At the same time, one of my netstat LISTEN ports is not traceable to any process (get process id from lsinfo or fuser port/protocol and then grep it on the ps -eLf list, OR check on rpcinfo -p). This is also very curious. I downloaded and ran chkrootkit and rkhunter, but those tools did not report anything. This host is running inside my home with no external-facing ports, but that of course, means very little. Please note that in the following output, most of the ports, except the obvious ones have been anonymized:

```

myhost~ # netstat -tunap | grep LISTEN

tcp        0      0 0.0.0.0:23351           0.0.0.0:*               LISTEN      2066/rpc.mountd

tcp        0      0 0.0.0.0:111             0.0.0.0:*               LISTEN      1988/rpcbind

tcp        0      0 0.0.0.0:912             0.0.0.0:*               LISTEN      2003/ypbind

tcp        0      0 0.0.0.0:12711           0.0.0.0:*               LISTEN      2066/rpc.mountd

tcp        0      0 0.0.0.0:22              0.0.0.0:*               LISTEN      2130/sshd

tcp        0      0 127.0.0.1:631           0.0.0.0:*               LISTEN      1962/cupsd

tcp        0      0 0.0.0.0:25678           0.0.0.0:*               LISTEN      31505/synergys

tcp        0      0 0.0.0.0:2049            0.0.0.0:*               LISTEN      -    // THIS I KNOW IS NFS FROM RPCINFO -P

tcp        0      0 0.0.0.0:23331           0.0.0.0:*               LISTEN      2020/rpc.statd

tcp        0      0 0.0.0.0:99999           0.0.0.0:*               LISTEN      2066/rpc.mountd

tcp        0      0 0.0.0.0:17711           0.0.0.0:*               LISTEN      -    // NLOCKMGR FROM RPCINFO -P

tcp6       0      0 :::111                  :::*                    LISTEN      1988/rpcbind

tcp6       0      0 :::28901                :::*                    LISTEN      2020/rpc.statd

tcp6       0      0 :::22                   :::*                    LISTEN      2130/sshd

tcp6       0      0 :::41870                :::*                    LISTEN      2066/rpc.mountd

tcp6       0      0 ::1:631                 :::*                    LISTEN      1962/cupsd

tcp6       0      0 :::51111                :::*                    LISTEN      2066/rpc.mountd

tcp6       0      0 :::2049                 :::*                    LISTEN      -   // IS THIS ALSO NFS?

tcp6       0      0 :::77777                :::*                    LISTEN      2066/rpc.mountd 

tcp6       0      0 :::11111                :::*                    LISTEN      -   // NO IDEA!

```

Any help wrt to the "livecd.home" and the unknown LISTEN ports is appreciated.

Thanks.

----------

## platojones

Well, for the hostname of livecd, did you ever set your hostname up in /etc/conf.d/hostname?

----------

## dylanthomasfan

Yes, the /etc/conf.d/hostname has been set to my hostname.

----------

## BillWho

dylanthomasfan,

Does 

```
grep livecd /etc/hosts
```

return anything   :Question: 

----------

## dylanthomasfan

No, grep livecd /etc/hosts returns nothing.
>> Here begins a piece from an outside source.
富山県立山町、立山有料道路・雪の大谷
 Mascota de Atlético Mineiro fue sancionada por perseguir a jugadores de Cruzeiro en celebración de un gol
Could this be due to faulty NIS configuration? The host is a NIS client.

PS: For what it's worth, the "livecd.home" has gone away in the netstat listing!

----------

## BillWho

dylanthomasfan,

 *Quote:*   

> Could this be due to faulty NIS configuration?

 

I have never setup a NIS server so I can't even speculate on the subject, but I guess anything is possible.

netstat's address on this machine is derived from /etc/hosts based on the static IP that's assigned. The hostname is gentoo-gateway.

```
Proto Recv-Q Send-Q Local Address           Foreign Address         State      

tcp        0      0 gateway.com:43506       ec2-184-73-178-24.:http ESTABLISHED

tcp        0      0 gateway.com:38168       208-44-23-50.dia.s:http TIME_WAIT  

root@gentoo-gateway .ssh # grep gateway.com /etc/hosts

192.168.1.102   gateway.com

root@gentoo-gateway .ssh # cat /etc/conf.d/hostname 

# Set to the hostname of this machine

hostname="gentoo-gateway"

```

I had forgotten that I set it in /etc/hosts and I too had to run-down the name a while back. That's the reason I had you check the /etc/hosts file.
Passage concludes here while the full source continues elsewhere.